▶ Assignment: The line with "Analyse der Komponenten der neuen Drohne" marks the first line to copy, and the line with "2. Objetivo O" marks the last. Transcribe that stretch of the data below exactly, without pictures.

▶ Material to process:

::::::::::

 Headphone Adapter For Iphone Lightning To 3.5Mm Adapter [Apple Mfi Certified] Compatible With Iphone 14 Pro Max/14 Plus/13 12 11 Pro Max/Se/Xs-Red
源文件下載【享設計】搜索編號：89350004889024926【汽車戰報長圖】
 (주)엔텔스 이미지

::::::::::

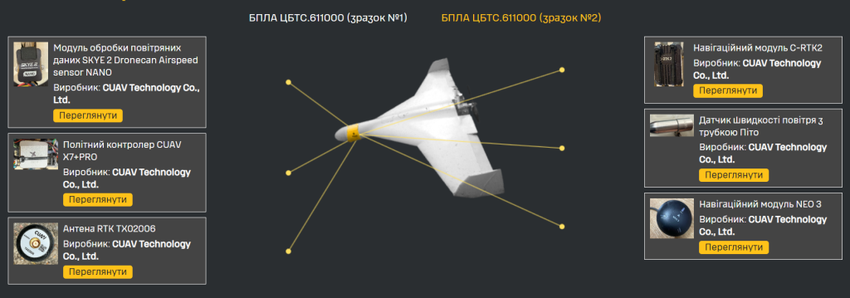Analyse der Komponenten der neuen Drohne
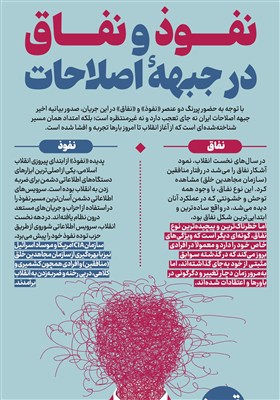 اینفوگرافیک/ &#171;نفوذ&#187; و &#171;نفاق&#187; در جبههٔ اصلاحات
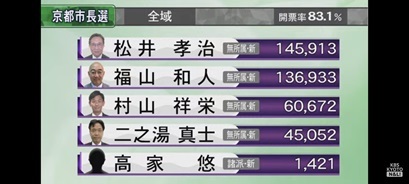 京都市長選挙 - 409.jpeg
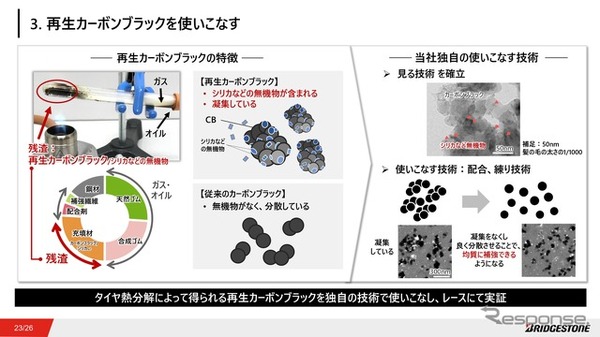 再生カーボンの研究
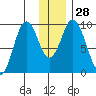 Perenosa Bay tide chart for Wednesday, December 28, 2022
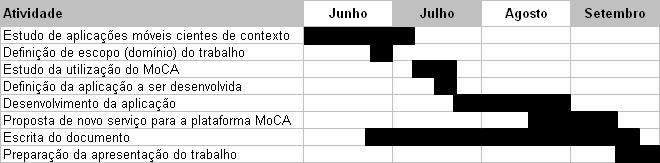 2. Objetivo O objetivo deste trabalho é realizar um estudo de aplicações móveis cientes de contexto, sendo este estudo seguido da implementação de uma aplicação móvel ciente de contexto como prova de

::::::::::

▶ Expected answer:
Analyse der Komponenten der neuen Drohne
 اینفوگرافیک/ &#171;نفوذ&#187; و &#171;نفاق&#187; در جبههٔ اصلاحات
 京都市長選挙 - 409.jpeg
 再生カーボンの研究
 Perenosa Bay tide chart for Wednesday, December 28, 2022
 2. Objetivo O objetivo deste trabalho é realizar um estudo de aplicações móveis cientes de contexto, sendo este estudo seguido da implementação de uma aplicação móvel ciente de contexto como prova de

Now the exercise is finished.